Even in the best of times, Yemen imports some 90% of its food from abroad, and in times of peace this has meant a constant flow of cargo ships loaded down with food at all their major ports. When Saudi Arabia attacked in 2015, they started with a naval blockade, grinding commerce to a halt.
Since then, shipping food to Yemen has been an exercise in futility, with for-profit shippers reporting they sometimes are stuck off the coast for weeks or even months trying to get permission to deliver the food. That’s forced the nation to rely heavily on humanitarian aid, but in Northern Yemen, which is still out of control of the Saudis, shipping food aid isn’t so easy.

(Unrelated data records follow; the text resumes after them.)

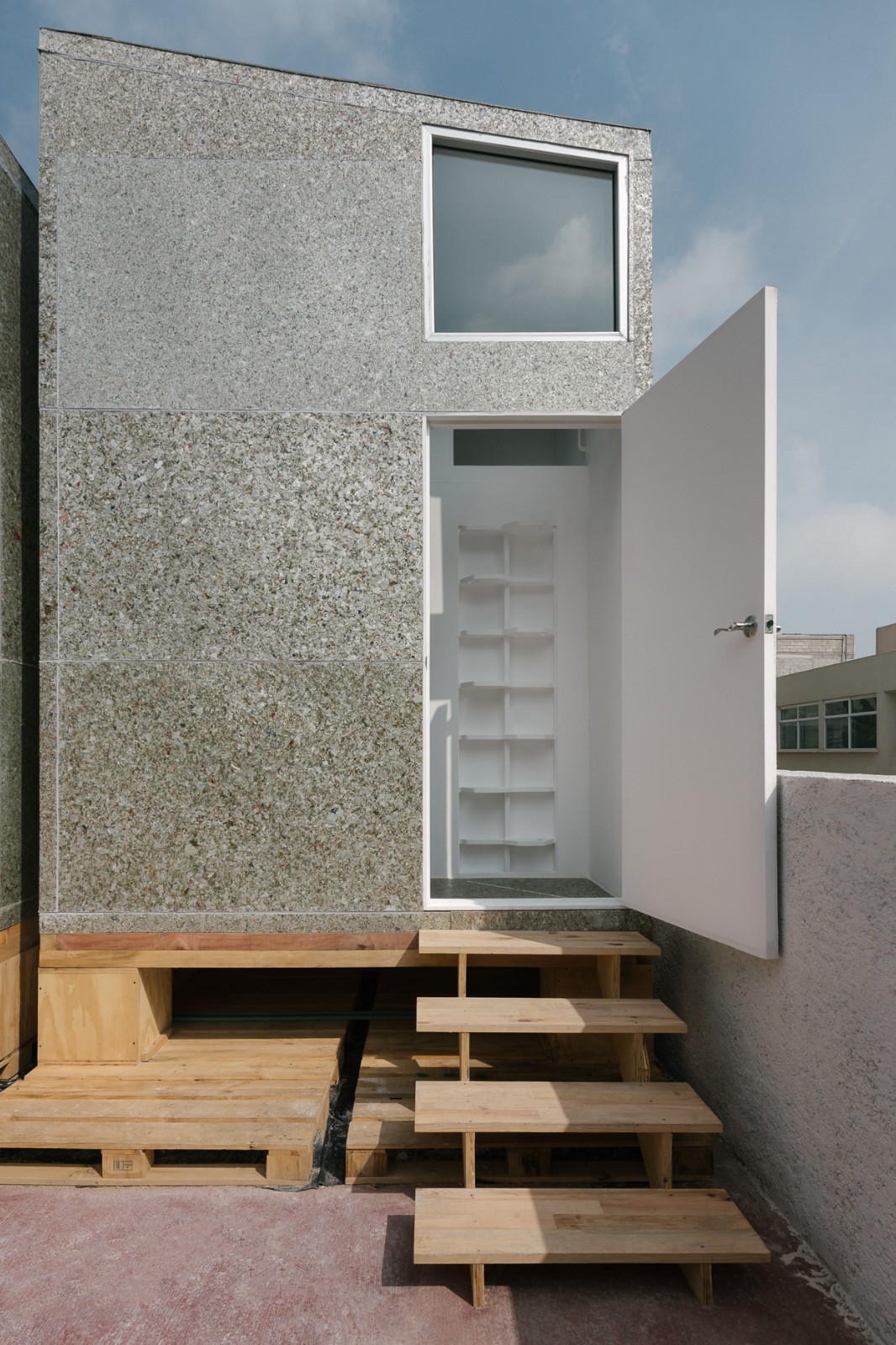 BIM建筑|模块舱体,医护人员临时空间 / Revolution BIM建筑|模块舱体,医护人员临时空间 / Revolution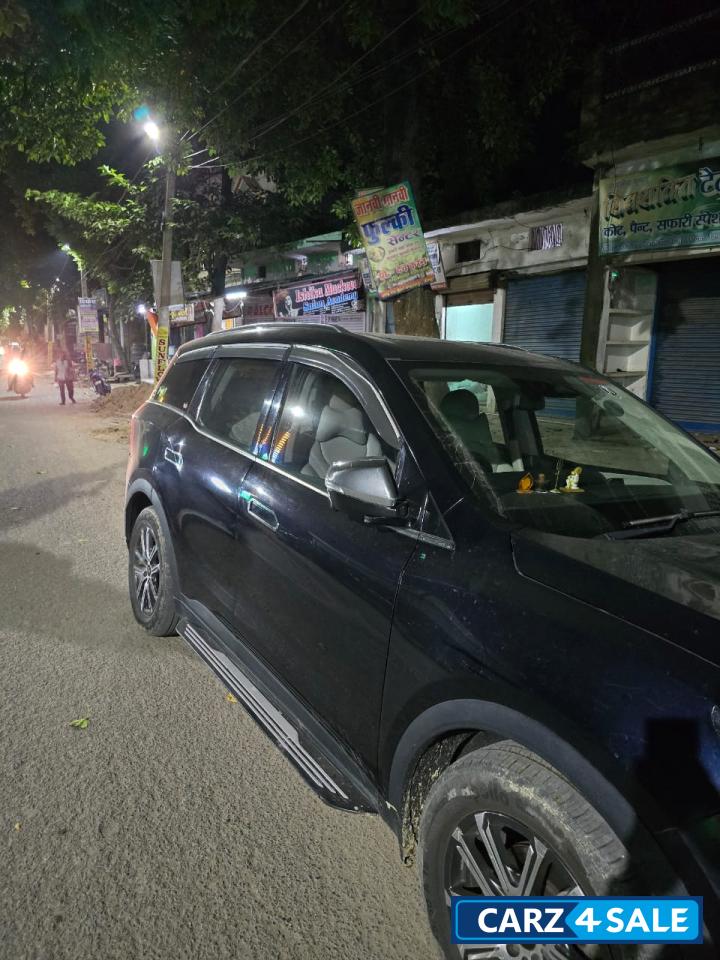 Midnight Black Mahindra XUV700 Ax7 l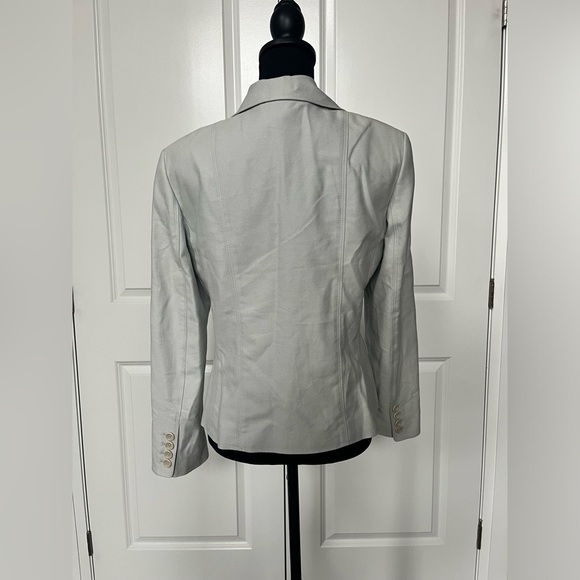Ann Taylor three button blazer size 8 item 08-03 - Picture 5 of 12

The Red Cross announced today that at some point this month they will send a “test shipment” of rice to the last port in northern Yemen’s control, Hodeidah, just to see what happens. The Red Cross suspended its involvement in food shipments to Hodeidah back in February, and those still trying to get there have found the port often under attack.
The Red Cross’ lack of specificity on timing of the shipment, beyond sometime next week is likely intended not to tip off the blockading force, and to see if, as they maintain, they’ve really eased the process for getting food into the country.
If getting food into Hodeidah is possible, it could be a chance for the aid groups to greatly relieve the chronic malnutrition the northerners are suffering under, and prevent the starvation that many are facing as the war drags on far longer than anyone expected.
Even if the rice gets to Hodeidah, unloading it will be a challenge, as Saudi warplanes have destroyed many of the cranes at the port. The World Food Programme attempted to deliver replacement cranes recent, but were prevented from doing so, and the cranes remain stuck in Dubai while they wait for Saudi permission.